Open hajduakos opened 4 years ago
Gazer converts integer type (short, long, signed, unsigned, etc.) variables in the given C code to int in the generated CFA. Theta 1.7 handles these as large int literals, so the new functionality seems to work without any internal change in Gazer.
There is a nuance after 1<<63ull: it does not fit the range of int64_t (as it is used in IntLiteralExpr). So the only problem is constant unsigned long long values larger than that can fit in a signed long long.
I'd reopen this as a bug or create a new issue in Gazer, whichever is more appropriate :)
Reopening seems cleaner to me in this case.

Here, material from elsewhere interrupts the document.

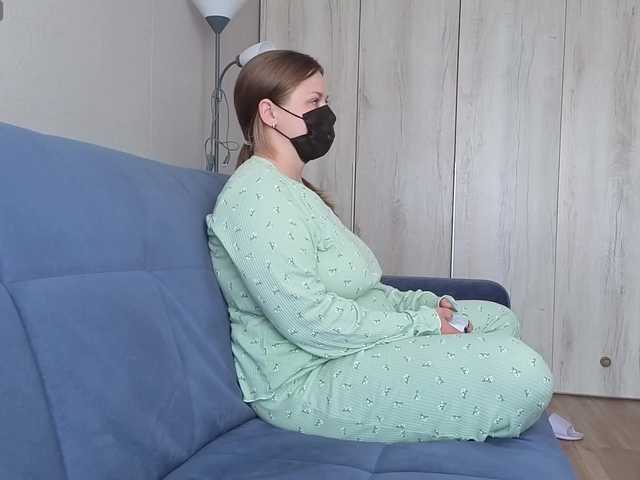 Milaa1998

Thanks @radl97 for pointing this out. What could you imagine as a solution? Replacing Gazer's internal representation with some bigint (e.g. from boost)? Furthermore, is this also an issue for the BMC backend?
LLVM has some solution, I think. For example APInteger maybe, which stores bitwidth with the value.

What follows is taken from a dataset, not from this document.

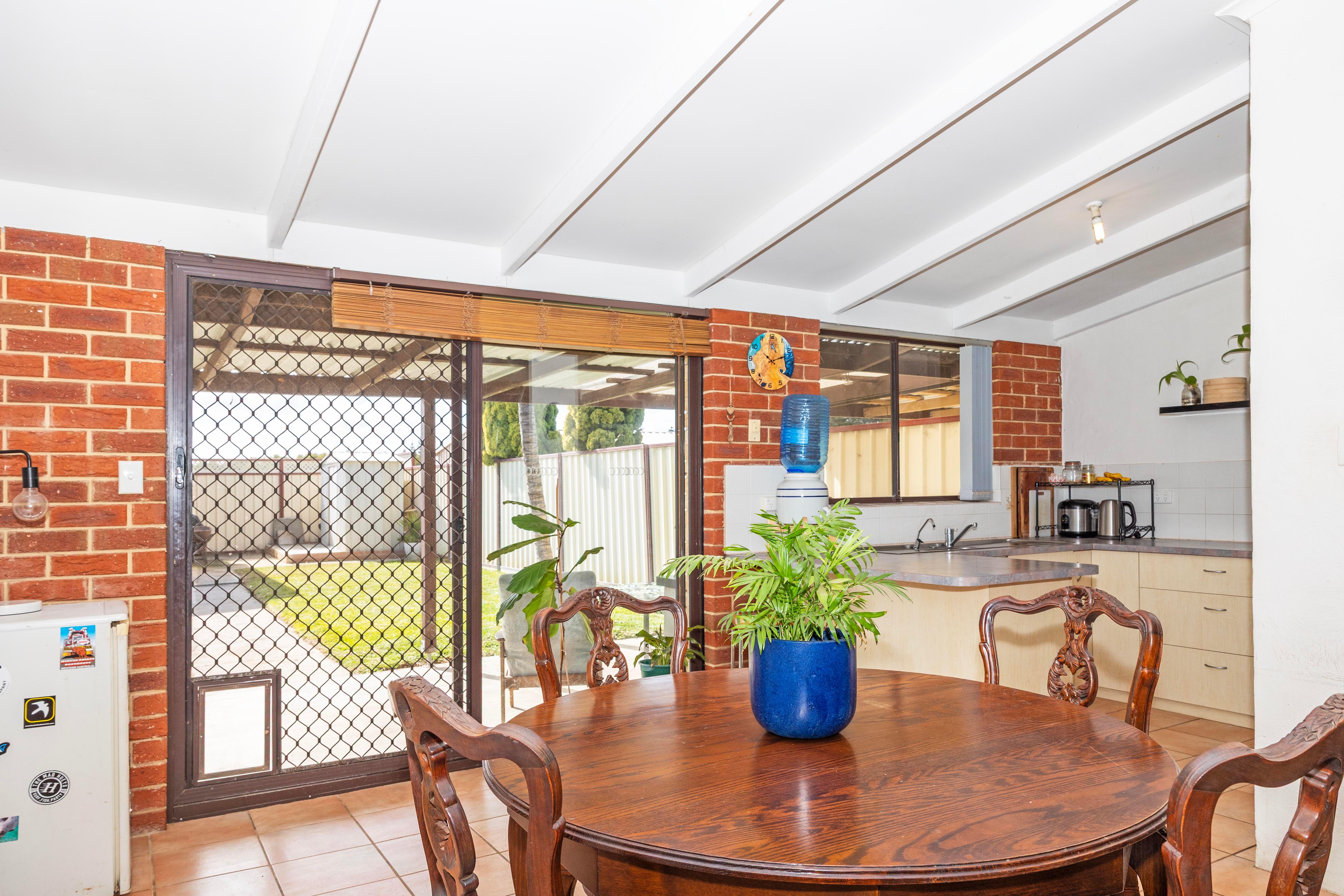 DuplexSemi-detached for Sale: Jurien Bay, WA 6516, WA, 6516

Note: I would skip Boost, as it is only used on the outer layers, mostly for filesystem handling.
Without giving much thought, I think BMC is affected when using Integer representations (instead of the default(?) bitvectors).
Disclaimer: Both my claims against BMC and Theta modules are untested, I've only seen how IntLitExpr stores integers, which led me to think the problem exists. Further investigation may show otherwise.
I gladly take up the quest, if you'd like :) (both verifying and solving the issue)
@radl97 if you feel like doing it, please go ahead. You can create a new branch and when you're done submit a PR. It would also be nice to come up with a simple test that fails currently, but will be fixed by the patch.
@radl97 Indeed, we currently store large int literals in int64_t
. I think we can handle this either with llvm::APSInt
(like APInt
, but also stores sign information) or boost::multiprecision
. Both solutions are fine by me.
Note that you probably will have to update the expression hashing mechanism for int literals in GazerContextImpl.h
, otherwise you might get a good number of undebuggable template errors :) The default implementation for primitive literals uses llvm::hash_value
, probably we will need a specialization for llvm::hash_value
and/or expr_hasher
(if deciding equilitiy is not trivial).
Previously Theta could only parse 32-bit integer literals, but with 1.7 (see #29) it should not be a limitation. We should check if Gazer has to be modified internally to be able to produce larger literals.